The practical difficulty in determining the notional taxable values of the minor benefit and any associated benefits

Given the benefits were purchased using the corporate credit card there would appear to be no practical difficulty in determining the notional taxable values of the minor benefit and any associated benefits.

Circumstances surrounding the provision of the minor benefit and any associated benefits

This criterion is discussed in paragraphs 236 to 244 of TR 2007/12. These paragraphs state:

    236. The fifth criterion requires consideration of the circumstances surrounding the provision of the minor benefit. Without limiting the generality of the circumstances to be considered surrounding the provision of the benefit, it is necessary to consider specifically whether the benefit was provided as a result of an unexpected event and whether or not it could be regarded to be provided wholly or principally as a reward for services rendered, or to be rendered, by the employee.

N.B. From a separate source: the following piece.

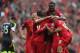 LIVERPOOL, ENGLAND - AUGUST 17: Daniel Sturridge of Liverpool is congratulated by Iago Aspas,Lucas,Philuppe Coutinho and Kolo Toure after scoring the first goal during the Barclays Premier League match between Liverpool and Stoke City at Anfield on August 17, 2013 in Liverpool, England. (Photo by Clive Brunskill/Getty Images)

    237. Whether a benefit is provided to assist the employee to deal with an unexpected event will always be a question of fact. The EN34 included an example of an employer providing a short term loan to an employee to pay unexpected debts. This would be an example where this requirement of this criterion would be satisfied.

    238. Whether a benefit was provided otherwise than wholly or principally by way of a reward for services rendered, or to be rendered, by the employee, will in some instances be clear (for example where the benefit is provided as part of a SSA). In other instances, whether a benefit has been provided wholly or principally as a reward for services will be less clear.

    239. The difficulties associated with reaching a decision on this point are highlighted in the NAB case and Case 2/96. As noted by Ryan J in the NAB case, it can be difficult to determine whether the requirements of this criterion are satisfied in some situations:

      It is debatable whether the aggregate of such benefits was provided wholly or principally by way of a reward for services to Mr Brewster but however the consideration indicated in s. 58P(2)(f)(v)(B) [sic] be evaluated, it would not in view of the preponderance the other way of the considerations to which I have just adverted, lead to the conclusion that it would be unreasonable to treat the benefit of 29 March 1988 as a fringe benefit in relation to Mr Brewster for the relevant tax year.35

    240. Also in Case 2/96, whilst the AAT was inclined to the view that taxi fares are likely to relate to services rendered or to be rendered, the AAT noted that this conclusion was debatable.

    241. Whether a benefit has been provided wholly or principally for services rendered or to be rendered will depend on the circumstances. As the two cases illustrate, this can be difficult to determine and that it should be noted that this is merely one criterion to be considered when determining whether a benefit is a minor benefit. The Commissioner's view is that where a SSA is in place it is clear that any benefits provided under the SSA by the employer to the employee are wholly or principally by way of a reward for services rendered because the benefits have been provided in substitution for salary and wages. On the other hand, although a Christmas party provided to employees and their families may be considered to be a reward for services rendered or to be rendered, it would not necessarily be considered to have been provided wholly or principally by way of a reward for services rendered or to be rendered by the employee. In most instances a Christmas party would not be considered to be provided to an employee as a substitute for salary, wages or bonuses.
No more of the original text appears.